Orbene, secondo la costante giurisprudenza di questa Corte Suprema, con riguardo al furto consumato da persone introdottesi in un appartamento attraverso i ponteggi installati per i lavori di restauro dello stabile, deve essere affermata la responsabilità, ai sensi dell’art. 2043 c.c., dell’impresa che per tali lavori si avvale di quei ponteggi, qualora, trascurando le più elementari norme di diligenza e perizia e la doverosa adozione delle cautele idonee ad impedire l’uso anomalo delle dette impalcature, e così violando il principio del “neminem laedere”, abbia colposamente creato un agevole accesso ai ladri e posto in essere le condizioni del verificarsi del danno (Cass. 10 giugno 1998 n. 5775; 23 maggio 1991 n. 5840; 6 ottobre 1997 n. 9707; 24 gennaio 1979 n. 539).
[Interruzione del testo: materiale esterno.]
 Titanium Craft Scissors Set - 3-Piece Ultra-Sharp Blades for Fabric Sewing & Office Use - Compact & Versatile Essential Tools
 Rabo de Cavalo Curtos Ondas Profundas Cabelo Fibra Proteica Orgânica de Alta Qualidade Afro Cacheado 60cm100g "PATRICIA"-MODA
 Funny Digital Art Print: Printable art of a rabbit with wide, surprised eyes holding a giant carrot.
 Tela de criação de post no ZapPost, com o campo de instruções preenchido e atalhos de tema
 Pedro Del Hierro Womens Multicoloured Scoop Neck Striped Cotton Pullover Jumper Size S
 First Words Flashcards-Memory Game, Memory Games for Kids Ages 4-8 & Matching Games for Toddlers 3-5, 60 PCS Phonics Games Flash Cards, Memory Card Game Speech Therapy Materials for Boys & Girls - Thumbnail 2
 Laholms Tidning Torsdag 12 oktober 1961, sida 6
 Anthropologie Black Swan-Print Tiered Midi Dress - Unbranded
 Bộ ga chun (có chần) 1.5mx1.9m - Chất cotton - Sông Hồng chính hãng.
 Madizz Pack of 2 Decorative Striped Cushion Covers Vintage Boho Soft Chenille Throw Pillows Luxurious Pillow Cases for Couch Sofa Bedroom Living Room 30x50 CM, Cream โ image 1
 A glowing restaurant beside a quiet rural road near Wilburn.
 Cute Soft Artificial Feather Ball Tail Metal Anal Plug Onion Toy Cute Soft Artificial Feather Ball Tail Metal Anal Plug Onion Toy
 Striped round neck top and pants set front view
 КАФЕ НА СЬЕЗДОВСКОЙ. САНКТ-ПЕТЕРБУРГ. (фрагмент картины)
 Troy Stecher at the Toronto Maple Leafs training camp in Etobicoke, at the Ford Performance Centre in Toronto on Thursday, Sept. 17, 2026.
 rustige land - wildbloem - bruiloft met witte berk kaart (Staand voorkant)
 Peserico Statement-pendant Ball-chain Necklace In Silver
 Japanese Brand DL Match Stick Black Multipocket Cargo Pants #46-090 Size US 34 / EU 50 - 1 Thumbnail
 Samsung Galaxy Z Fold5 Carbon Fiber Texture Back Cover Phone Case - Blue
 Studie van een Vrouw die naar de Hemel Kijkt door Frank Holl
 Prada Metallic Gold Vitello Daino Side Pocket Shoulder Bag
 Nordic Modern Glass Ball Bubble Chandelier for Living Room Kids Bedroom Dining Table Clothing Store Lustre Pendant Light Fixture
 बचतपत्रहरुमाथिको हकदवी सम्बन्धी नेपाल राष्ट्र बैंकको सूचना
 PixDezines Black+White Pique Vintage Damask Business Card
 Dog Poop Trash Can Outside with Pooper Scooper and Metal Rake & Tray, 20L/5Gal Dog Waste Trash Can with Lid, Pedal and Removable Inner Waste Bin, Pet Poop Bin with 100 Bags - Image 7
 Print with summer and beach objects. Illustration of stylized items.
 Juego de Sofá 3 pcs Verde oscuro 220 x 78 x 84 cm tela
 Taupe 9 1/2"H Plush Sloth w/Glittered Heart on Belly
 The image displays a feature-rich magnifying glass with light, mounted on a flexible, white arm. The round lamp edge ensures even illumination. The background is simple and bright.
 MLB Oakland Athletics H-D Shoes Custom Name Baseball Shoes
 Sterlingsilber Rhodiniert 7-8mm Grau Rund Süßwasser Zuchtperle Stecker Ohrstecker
Alla stregua di questo principio di diritto, appare quanto mai elusiva e lacunosa la riferita motivazione della sentenza impugnata, la quale, pur lasciando intendere che i ladri siano penetrati in casa dei ricorrenti scalando i ponteggi, omette poi di compiere l’unica indagine doverosa, ossia di stabilire se siano state adottate dall’impresa tutte le cautele atte ad impedire che le impalcature costituissero un agevole accesso ai piani superiori e se quindi, per lo stato in cui furono lasciate, esse si pongano in diretto rapporto causale con l’evento.
Ed invero non avrebbe senso logico sostenere, per escludere questo rapporto causale, che i ladri sarebbero potuti entrare nell’appartamento anche servendosi “di altri passaggi ed altri accessi”, una volta che gli stessi, di fatto, si fossero serviti delle impalcature, mentre la sentenza, se avesse ritenuto di dover scartare questa ipotesi, avrebbe dovuto spiegare per quale altra via, se non attraverso i ponteggi, i ladri fossero andati a segno; e nemmeno varrebbe addurre, a discolpa dell’impresa, la libertà di accesso nel cortile, dove sorgevano i ponteggi, attraverso il cancello lasciato “abitualmente” aperto, trattandosi di una circostanza che potrebbe, al più, se dimostrata esistente anche al momento del furto, aver agito, se non come mera occasione, quale semplice causa simultanea concorrente, tale cioè da non interrompere il nesso causale tra l’uso delle impalcature e l’evento (art. 41, 1° e 2° comma c.p.).

Si badi ancora che la sentenza, se, da un lato, ammette che le impalcature non erano fornite di una propria illuminazione (la verosimile illuminazione del cortile non significa illuminazione dei ponteggi), dall’altro indica come usuale la rimozione della sola scala di collegamento tra il cortile e il primo piano, la qual cosa fa presumere che siano state lasciate in sito le scale di collegamento tra il primo, facilmente raggiungibile, e i piani successivi (e il furto, riferiscono i ricorrenti, fu commesso al terzo piano).

Per concludere, emerge la grave insufficienza del criterio logico-giuridico adottato in punto di responsabilità dell’impresa convenuta (responsabilità, è il caso di sottolineare, extracontrattuale, ai sensi dell’art. 2043 c.c., non potendo i ricorrenti, in quanto terzi, invocare le disposizioni dell’art. 6 del contratto di appalto); onde, in accoglimento del ricorso, la sentenza deve essere cassata, col rinvio, anche per la liquidazione delle spese del giudizio di Cassazione, al giudice di pari grado designato nel dispositivo.